Genevieve, the gamin-like French singer and comedian whose fractured English enchanted American TV viewers on Jack Paar's "Tonight Show" in the late 1950s and early '60s, has died. She was 83.
The Paris-born chanteuse, who lived for many years in East Hampton, N.Y., died Sunday of complications of a stroke at her home in Venice, Calif., said her stepson, Tony Mills.
Discovered by an American agent at Chez Genevieve, her Montmartre cafe where she not only did the cooking but entertained customers with her singing, Genevieve arrived in New York City in the spring of 1954.
Six months later, Genevieve (pronounced john-vee-EV) was headlining at the Plaza Hotel's Persian Room.
Her change in fortune primarily came as the result of one appearance on the "Blue Angel" summer TV showcase of her future son-in-law, Orson Bean. Her singing prompted critics to hail her as a female Maurice Chevalier and possible heiress to Edith Piaf's crown.
But it wasn't until she became a regular on the "Tonight Show" in 1957 that the singer with the large, liquid brown eyes and short, reddish-brown hair became a household name.
Her on-air mixture of gaiety and innocence captivated Paar's 8 million viewers. But she had no idea she had a natural flair for comedy until a few weeks after her Paar show debut, when she showed up ill with a high fever to sing one night.
"I didn't know that I could call in and say I was sick," she recalled in a 1975 interview with The Times. "So I went in and started to sing and was so sick I forget half the words. Nobody really knows it, except me and the musicians, not even Jack. But I went backstage and started to cry. I knew I was going to be thrown out."
During the commercial break, "Someone told Jack that the French girl was crying. He came back. I couldn't speak English, and he didn't speak French. So he speak loud, and slow. 'What's ... the ... matter? You ... cry?' he ask me. I point to my head and say, 'Hot.' So he brings me onstage to talk and gives me a big cup of hot rum and honey."
She giggled. "You weren't supposed to drink alcohol on the air, so he tells the audience it's tea.
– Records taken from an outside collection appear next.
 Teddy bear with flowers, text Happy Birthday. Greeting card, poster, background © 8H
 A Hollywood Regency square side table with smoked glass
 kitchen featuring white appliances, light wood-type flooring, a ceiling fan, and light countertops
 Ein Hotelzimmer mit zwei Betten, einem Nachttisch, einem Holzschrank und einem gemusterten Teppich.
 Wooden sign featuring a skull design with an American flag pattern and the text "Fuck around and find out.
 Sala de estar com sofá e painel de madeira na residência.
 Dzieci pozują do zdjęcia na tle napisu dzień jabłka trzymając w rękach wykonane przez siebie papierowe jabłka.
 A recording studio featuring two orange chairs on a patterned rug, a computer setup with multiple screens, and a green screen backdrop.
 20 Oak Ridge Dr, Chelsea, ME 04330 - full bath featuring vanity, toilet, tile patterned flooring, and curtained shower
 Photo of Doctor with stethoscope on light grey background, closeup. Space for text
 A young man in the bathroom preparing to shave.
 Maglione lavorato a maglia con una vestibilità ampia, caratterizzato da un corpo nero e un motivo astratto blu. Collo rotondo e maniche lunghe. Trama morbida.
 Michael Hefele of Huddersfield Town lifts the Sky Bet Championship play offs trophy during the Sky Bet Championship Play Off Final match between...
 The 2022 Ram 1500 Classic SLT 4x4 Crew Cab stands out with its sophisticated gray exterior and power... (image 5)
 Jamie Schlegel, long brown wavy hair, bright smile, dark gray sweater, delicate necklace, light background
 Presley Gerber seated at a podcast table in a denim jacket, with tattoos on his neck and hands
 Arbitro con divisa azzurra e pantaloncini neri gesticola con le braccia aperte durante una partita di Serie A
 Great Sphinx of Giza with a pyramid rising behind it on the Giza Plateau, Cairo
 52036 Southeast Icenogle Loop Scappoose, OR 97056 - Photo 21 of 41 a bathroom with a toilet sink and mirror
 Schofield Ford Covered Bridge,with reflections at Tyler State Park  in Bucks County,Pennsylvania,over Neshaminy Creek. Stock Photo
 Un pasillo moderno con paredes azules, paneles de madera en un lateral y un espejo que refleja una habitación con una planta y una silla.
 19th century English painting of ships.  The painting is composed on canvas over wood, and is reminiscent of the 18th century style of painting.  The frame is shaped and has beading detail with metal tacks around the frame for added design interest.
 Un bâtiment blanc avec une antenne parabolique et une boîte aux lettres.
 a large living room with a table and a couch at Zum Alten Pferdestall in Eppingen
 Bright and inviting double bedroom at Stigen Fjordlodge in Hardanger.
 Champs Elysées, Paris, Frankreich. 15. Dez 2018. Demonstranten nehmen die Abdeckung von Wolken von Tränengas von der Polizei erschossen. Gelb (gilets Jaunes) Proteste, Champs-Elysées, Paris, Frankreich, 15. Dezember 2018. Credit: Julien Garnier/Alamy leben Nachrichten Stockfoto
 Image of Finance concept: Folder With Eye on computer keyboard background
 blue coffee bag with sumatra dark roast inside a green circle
But I was ha-ha-ha by the end of the show -- loaded. "
The more she drank, the funnier she became -- and the more the audience laughed.
Paar knew a good thing when he saw it, and on her subsequent appearances he had her sing less and talk more.
"Jack Paar just fell in love with her because her English was so bad, but it was cute," Mills said. "He'd actually have her read baseball scores, and everybody thought that was just hysterical.
"She was just sort of a bigger-than-life French pixie. That was basically her personality. She was this very adorable, cute French personality."
On one Paar show, Genevieve chopped off the long hair of stripper Gypsy Rose Lee, who thought Genevieve was only kidding when she offered to give her a haircut.
"When she sees the hair going down on the floor ... she was furious," Genevieve recalled in 1975. "But, cherie, she was lovely. After that, she keep her hair short all her life until she died."
Mills said his stepmother toured in Cole Porter's "Can-Can" and other stock productions, and "worked the big rooms" in New York City when she wasn't appearing with Paar and, later, on "The Merv Griffin Show." She also toured with a one-woman show, "An Evening with Genevieve."
She was born Ginette Marguerite Auger, but became Genevieve when the priest at her baptism told her parents that Ginette was the diminutive for Genevieve and that the church required that an infant's given name include that of a saint.
With $4,000 from her father, a prosperous construction contractor, she opened Chez Genevieve in 1949. After firing her chef for stealing from her and showing up for work drunk, she took over the cooking and, at the urging of her friends, began singing to her customers.
In 1960, she married television producer Ted Mills, whom she had met four years earlier when she appeared in the NBC special "Maurice Chevalier's Paris." Her husband died last August.
Genevieve, who retired from show business in the late '60s, never really lost her endearing French accent.
"Her accent became so much a part of her, she never really improved it," Mills said.
In addition to her stepson, an Oakland resident, Genevieve is survived by her two stepdaughters, Hilary Mills Loomis, of New York City, and Alley Mills Bean, of Venice; and three step-grandchildren.